You can say (and folks can make the case in the comments) that maybe it would be better to jail/fire all the men you can establish evidence against—and the evidence won’t be impossible to come by, given the shamelessness of the abuse regime. But when it’s not a matter of a few particular predators, but of predation being the common culture… how do you come out on the other side?
The two things the book has strongly brought to mind for me are:
Truth and Reconciliation processes, intended (with varying success) to allow neighbors to live alongside each other after brutal, widespread victimization of one group by another.
- ’s review of Sick Societies (cw: detailed sexual abuse of both men and women). In the case of the Gusii people of western Kenya, who incorporated sexual humiliation into young men’s coming of age ceremonies, and taught women to physically resist sex as part of their wedding nights, “in 1950 there were so many convictions for rape that there were not enough prison facilities to hold the offenders.”
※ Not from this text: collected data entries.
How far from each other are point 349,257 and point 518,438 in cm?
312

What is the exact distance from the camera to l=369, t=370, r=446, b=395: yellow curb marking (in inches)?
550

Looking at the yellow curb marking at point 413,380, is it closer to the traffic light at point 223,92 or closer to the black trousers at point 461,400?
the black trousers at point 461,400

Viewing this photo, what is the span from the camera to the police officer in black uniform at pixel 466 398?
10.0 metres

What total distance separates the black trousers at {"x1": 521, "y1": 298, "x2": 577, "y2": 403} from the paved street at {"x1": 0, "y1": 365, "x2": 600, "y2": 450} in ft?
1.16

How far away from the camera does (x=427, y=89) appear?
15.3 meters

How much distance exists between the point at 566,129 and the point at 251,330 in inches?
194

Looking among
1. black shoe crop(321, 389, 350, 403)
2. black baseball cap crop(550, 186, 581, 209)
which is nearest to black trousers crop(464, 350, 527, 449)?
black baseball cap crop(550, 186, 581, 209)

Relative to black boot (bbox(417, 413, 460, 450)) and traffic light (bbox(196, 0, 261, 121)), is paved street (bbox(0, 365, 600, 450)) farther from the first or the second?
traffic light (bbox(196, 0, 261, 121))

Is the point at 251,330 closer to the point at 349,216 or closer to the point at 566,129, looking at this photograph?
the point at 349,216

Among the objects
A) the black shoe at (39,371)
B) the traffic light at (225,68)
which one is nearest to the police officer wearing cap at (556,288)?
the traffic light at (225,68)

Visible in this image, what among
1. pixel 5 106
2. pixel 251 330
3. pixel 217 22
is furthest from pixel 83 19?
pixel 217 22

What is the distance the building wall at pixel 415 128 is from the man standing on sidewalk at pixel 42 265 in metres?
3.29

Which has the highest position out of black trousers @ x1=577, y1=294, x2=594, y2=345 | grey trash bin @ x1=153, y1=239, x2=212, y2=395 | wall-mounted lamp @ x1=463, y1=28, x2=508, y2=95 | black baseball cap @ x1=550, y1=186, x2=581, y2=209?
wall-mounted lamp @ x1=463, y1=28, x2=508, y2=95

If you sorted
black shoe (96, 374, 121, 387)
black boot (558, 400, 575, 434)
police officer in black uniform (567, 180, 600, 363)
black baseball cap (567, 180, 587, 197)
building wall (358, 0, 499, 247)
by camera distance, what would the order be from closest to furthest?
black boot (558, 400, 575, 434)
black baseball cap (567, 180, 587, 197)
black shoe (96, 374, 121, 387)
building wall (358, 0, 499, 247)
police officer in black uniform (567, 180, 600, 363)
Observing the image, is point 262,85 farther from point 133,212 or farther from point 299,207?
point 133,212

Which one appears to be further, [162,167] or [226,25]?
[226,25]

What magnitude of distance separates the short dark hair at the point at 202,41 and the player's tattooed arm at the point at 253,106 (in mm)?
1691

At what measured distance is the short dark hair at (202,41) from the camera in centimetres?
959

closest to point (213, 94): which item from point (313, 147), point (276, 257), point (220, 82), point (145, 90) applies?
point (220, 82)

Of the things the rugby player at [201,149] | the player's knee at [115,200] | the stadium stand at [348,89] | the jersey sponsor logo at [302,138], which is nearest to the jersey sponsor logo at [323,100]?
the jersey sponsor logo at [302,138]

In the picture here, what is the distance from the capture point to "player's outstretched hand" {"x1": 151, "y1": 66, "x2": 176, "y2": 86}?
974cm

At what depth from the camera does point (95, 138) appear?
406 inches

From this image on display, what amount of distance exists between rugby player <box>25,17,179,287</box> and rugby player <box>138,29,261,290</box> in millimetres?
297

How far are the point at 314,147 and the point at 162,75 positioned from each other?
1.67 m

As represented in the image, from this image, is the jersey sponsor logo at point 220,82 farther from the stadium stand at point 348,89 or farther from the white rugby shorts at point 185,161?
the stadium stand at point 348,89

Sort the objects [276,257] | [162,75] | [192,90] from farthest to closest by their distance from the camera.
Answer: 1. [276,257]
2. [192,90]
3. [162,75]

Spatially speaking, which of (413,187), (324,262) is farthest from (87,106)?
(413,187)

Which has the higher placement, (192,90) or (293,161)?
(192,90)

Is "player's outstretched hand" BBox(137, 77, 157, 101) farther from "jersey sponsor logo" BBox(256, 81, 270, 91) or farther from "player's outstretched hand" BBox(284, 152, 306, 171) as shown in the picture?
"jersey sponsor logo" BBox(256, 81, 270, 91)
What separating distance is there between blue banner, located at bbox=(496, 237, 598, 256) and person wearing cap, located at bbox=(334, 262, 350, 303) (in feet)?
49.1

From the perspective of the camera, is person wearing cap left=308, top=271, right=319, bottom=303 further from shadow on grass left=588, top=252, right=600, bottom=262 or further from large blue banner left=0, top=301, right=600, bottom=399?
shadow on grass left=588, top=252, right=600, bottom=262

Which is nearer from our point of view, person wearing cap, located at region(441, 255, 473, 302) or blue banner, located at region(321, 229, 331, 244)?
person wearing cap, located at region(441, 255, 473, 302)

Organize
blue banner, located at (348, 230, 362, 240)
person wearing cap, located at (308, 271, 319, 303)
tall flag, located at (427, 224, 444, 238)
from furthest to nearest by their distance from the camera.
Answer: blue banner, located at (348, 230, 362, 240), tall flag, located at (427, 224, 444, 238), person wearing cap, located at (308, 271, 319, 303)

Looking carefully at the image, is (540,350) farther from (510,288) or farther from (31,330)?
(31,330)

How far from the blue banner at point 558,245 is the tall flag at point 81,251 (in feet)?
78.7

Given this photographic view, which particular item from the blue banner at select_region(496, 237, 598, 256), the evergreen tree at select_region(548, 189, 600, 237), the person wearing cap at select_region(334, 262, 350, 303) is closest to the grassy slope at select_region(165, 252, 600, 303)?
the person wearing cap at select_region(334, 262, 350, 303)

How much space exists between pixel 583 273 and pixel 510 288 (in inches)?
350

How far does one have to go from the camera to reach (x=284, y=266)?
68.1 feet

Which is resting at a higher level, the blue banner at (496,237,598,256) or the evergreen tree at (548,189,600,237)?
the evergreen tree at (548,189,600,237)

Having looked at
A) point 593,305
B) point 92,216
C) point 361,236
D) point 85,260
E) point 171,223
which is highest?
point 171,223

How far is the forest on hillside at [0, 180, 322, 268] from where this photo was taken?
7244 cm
Even after extraordinary violence, it may be possible to slowly come to live alongside one another, and gradually build up trust with and forgiveness for your neighbor. But that titanic task seems even harder when you expect to need to marry one of your former persecutors in order to found a family.
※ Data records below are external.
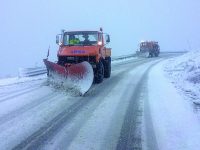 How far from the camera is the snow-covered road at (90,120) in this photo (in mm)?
8078

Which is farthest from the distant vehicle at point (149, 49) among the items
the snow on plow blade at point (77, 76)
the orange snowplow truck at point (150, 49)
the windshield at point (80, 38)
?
the snow on plow blade at point (77, 76)

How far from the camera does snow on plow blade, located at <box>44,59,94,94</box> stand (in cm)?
1478

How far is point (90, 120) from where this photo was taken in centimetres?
1012

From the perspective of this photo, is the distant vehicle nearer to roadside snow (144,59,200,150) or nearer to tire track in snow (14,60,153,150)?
roadside snow (144,59,200,150)

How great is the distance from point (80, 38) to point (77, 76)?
3.58m

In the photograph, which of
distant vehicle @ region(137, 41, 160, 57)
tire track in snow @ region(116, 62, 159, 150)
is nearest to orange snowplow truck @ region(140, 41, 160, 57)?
distant vehicle @ region(137, 41, 160, 57)

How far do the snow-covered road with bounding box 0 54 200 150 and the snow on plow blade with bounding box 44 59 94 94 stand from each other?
395mm

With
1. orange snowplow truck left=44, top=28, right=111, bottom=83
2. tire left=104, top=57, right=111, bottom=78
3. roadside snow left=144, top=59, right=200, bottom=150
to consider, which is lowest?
roadside snow left=144, top=59, right=200, bottom=150

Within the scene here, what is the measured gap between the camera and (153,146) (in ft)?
25.5

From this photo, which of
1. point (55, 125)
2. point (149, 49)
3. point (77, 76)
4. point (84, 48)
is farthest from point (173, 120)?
point (149, 49)

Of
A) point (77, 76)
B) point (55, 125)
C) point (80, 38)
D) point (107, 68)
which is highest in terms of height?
point (80, 38)

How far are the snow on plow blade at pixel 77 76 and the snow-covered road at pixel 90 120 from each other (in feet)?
1.30

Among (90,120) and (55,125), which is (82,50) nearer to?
(90,120)

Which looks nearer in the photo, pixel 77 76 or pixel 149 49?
pixel 77 76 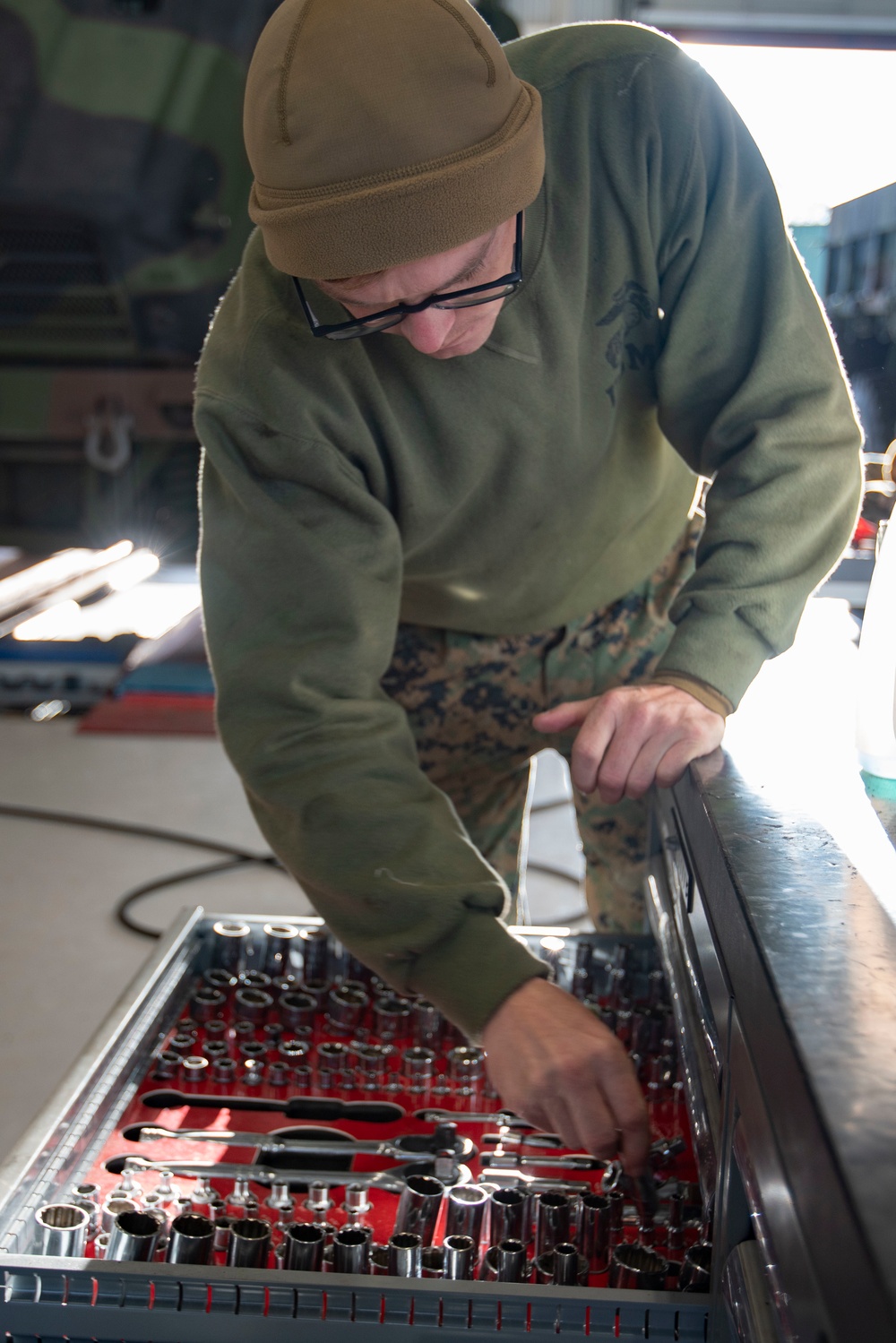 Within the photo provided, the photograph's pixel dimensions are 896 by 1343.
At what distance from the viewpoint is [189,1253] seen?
2.80ft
The natural family is, ideally, a little platoon, a place of rest and resupply that prepares you to go out and do the hard work of making amends, building up new norms, offering forgiveness. But when the wound cuts cleanly through the smallest society, where do you go to prepare to rebuild?
I have no idea how to address things on a societal level, but you (and readers) might be interested in the 1976 film "Not a Pretty Picture." It's an experimental film where the director recreated the scene of her own rape, with her younger self played by a young woman who had also been raped as a teenager, and the film includes a lot of discussion by all of the actors about what they have been taught about rape. It's the 1970s so nobody has any idea what boundaries are, which means that the young actors of both sexes are really candid in describing the basically pro-rape things they still to some extent believe. They work through some of those beliefs on camera. Obviously an extremely grueling watch, but also an example of people seeking to unlearn the beliefs that make rape hard to prevent or combat.
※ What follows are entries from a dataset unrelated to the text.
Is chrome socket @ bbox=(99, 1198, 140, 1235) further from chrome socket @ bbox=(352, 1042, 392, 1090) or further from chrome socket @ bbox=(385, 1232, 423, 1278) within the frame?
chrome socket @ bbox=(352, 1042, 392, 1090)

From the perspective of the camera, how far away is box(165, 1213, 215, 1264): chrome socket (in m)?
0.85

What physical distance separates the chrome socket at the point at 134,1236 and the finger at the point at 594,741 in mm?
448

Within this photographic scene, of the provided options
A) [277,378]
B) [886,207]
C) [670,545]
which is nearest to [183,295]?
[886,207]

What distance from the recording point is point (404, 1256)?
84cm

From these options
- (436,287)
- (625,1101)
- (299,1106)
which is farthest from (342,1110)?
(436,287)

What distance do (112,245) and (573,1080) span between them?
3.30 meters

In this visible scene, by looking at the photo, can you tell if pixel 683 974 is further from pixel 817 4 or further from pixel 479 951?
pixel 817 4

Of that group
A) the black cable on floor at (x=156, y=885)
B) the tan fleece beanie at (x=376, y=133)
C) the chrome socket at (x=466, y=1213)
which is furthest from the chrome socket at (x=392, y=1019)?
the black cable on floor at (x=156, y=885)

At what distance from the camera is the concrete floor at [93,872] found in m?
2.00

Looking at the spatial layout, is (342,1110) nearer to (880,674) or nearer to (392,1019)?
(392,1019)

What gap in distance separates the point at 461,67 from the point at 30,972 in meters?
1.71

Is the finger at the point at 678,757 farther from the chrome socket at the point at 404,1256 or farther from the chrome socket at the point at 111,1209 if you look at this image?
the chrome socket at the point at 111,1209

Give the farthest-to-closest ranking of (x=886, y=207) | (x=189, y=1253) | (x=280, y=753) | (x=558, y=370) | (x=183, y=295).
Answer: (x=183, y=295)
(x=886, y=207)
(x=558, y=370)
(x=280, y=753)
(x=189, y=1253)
Still waiting on my library hold, but the comparison that comes to mind is how many Christian denominations have had a big reckoning (or a need for a big reckoning…) in the past several years re: various abuses of power. By the time you remove egregious wrongdoers (if you can muster the institutional will to get that far) and those who publicly supported, concealed, and covered for them, you don’t have much of an institution left. Dunno if I have a hopeful takeaway on this one except, mostly, in the eschaton, of course.